I will need 3 rows and would like to also utilize the hairpins for shear resistance and pryout in the pier.

 

[Aesur]

While I'm sure you can use multiple hairpins, I don't see the point as 100% of the time the hairpin isn't the issue, the slab itself is. You need to develop the load into the slab and the amount of force you can develop into the slab is dependent on the geometry of the columns, how much slab you can grab before hairpins overlap (think concrete breakout and side face blowout with multiple anchors) and lastly can the slab distribute the loading across the building or grab enough weight to resist due to friction. I rarely have gotten more than about 10 to 15 kips capacity in a hairpin. I think many engineers seem to miss this concept as I have seen many designs with a single hairpin where the hairpin appeared to have been calculated based solely on the area of steel into an un-reinforced slab.

 

[hdp321]

There’s about 95 kips of thrust per column. The hairpins would need to be stacked to fit within the slab.

 

[jerseyshore]

95 kips holy hell; Aesur is right, the slab is the weakest link in that system and I don't see that working.

Even if you somehow got the math to work on paper I don't know if I would trust the slab and hairpins to even resist that type of thrust in real life.

 

[hdp321]

Any other suggestions? Design the pier and footing to resist?

 

[KootK]

Design the pier and footing to resist?

Most engineers seem to consider that the best, and most reliable approach. As usual, the issue du jour is the cost of that solution relative to the other alternatives. I think that we all like the tie member run across to the other side mechanically but, as you've mentioned, that usually runs into practical difficulties with respect to elongation, trench drains, future usage etc.

Any other suggestions?

I did some schematic work on one of these buildings earlier this year. It got me wondering if anyone has ever tried the scheme shown below as, kind of, an intermediate position. This would greatly improve the local connection near the thrust and provide a fairly reliable way to spread the tension tie load out across the entire width of the SOG such that, hopefully, there would be improvements with respect to elongation, reliability, and local interruptions in the slab on grade. For all the practical issues associated with a tension tie across the building, it's the most elegant mechanical solution by far.

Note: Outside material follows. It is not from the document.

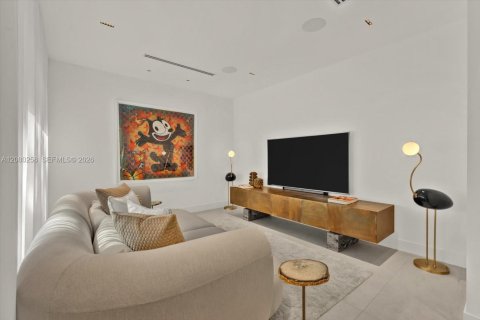 House in Miami, Florida 5 bedrooms, 486.53 sq.m. № 2340414 - photo 5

Whenever I think that I've devised a better mousetrap, it almost always winds up being the case that I don't for some reason. I'm fully expecting someone to point out some deal breaking flaws with this conept.

 

[KootK]

Using hairpins, do other engineers treat the SOG as a structural slab, for ACI reinforcing limitations?

Nope, for better or worse. I believe that a true, concrete tension tie cannot be lap spliced according to code. Obviously, one does not see a lot of mechanical / welded lap splice in these setups.

 

[Eng_Struct]

I have not dealt with hair pins much but my initial thought would have been to try to lap the hairpin bar with the reinforcement in slab-on-grade (considering the slab is nominally reinforced). Laping the two reinforcement together, you would elimanate the concrete breakout/pry-out/pull-out issues and the mass of the slab would get engage via interface shear. The only limitation would be the spacing of the expansion joints as it will limit the amount of slab that will be engaged.

 

[jerseyshore]

StruEng1992, that's exactly how most hairpins are designed unless you have small loads. If you look at any design examples they all include the WWF or bars in the calculations to grab as much concrete as possible. I just think with 95 kips relying on hairpins only is a tough task.

 

[hdp321]

I agree with you jerseyshore, I'm not very comfortable using hairpins only for that much thrust. My design is for pier and footings to take everything, but of course the contractor had a heart attack because top bars may be required in the footing and the footing sizes are large.

 

[jerseyshore]

PEMB's and similar structures with thrust are a challenge for us engineers because unless a contractor does them a lot, most people will have no idea what you're doing and question every step of your design.

Hairpins? Heavy mesh or #4 bars EW in a SOG! Large footings and piers and crazy reinforcement!! I just built a 3 story building and it was less than this. This thing is just a light tin can storage shed. You could land a plane on this slab and foundation...

I try to be very upfront when starting or discussing these types of projects. I try to describe approx what the final product will look like so it's not a total shock when they see an "unconventional" foundation plan.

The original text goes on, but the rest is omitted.